::: INFORMATION :::
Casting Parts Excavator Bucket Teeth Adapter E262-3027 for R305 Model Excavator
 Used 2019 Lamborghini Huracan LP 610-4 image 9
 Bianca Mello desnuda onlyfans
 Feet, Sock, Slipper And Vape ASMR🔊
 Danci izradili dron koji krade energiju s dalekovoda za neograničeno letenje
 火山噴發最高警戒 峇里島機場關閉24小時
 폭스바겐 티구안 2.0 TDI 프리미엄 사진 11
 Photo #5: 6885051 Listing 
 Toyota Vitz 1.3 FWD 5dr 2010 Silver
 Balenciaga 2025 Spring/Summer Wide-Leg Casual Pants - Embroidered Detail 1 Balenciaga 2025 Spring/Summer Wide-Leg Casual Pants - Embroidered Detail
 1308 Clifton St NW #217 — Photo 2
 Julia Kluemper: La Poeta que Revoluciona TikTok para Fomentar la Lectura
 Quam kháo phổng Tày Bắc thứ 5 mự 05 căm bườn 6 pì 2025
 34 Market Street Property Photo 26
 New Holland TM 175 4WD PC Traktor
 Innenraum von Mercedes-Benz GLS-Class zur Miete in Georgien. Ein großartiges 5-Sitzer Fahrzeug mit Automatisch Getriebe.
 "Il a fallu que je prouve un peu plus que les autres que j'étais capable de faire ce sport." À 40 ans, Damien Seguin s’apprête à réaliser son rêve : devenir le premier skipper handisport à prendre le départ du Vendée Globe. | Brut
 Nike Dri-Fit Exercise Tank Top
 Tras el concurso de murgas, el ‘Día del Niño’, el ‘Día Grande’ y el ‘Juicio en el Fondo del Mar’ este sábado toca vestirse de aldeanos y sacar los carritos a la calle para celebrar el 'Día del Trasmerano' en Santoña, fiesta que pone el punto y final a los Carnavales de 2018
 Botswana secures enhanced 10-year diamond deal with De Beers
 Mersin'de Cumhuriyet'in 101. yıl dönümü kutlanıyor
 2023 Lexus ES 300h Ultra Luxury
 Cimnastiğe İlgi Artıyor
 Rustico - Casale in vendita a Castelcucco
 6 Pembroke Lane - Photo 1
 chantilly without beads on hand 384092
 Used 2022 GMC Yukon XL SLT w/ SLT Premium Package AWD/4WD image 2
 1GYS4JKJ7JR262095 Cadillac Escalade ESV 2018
:::
**EXERCISE:** Look through the data above. Each line containing the word "image" needs to be copied.

**SOLUTION TO THIS EXERCISE:**
 Used 2019 Lamborghini Huracan LP 610-4 image 9
 Used 2022 GMC Yukon XL SLT w/ SLT Premium Package AWD/4WD image 2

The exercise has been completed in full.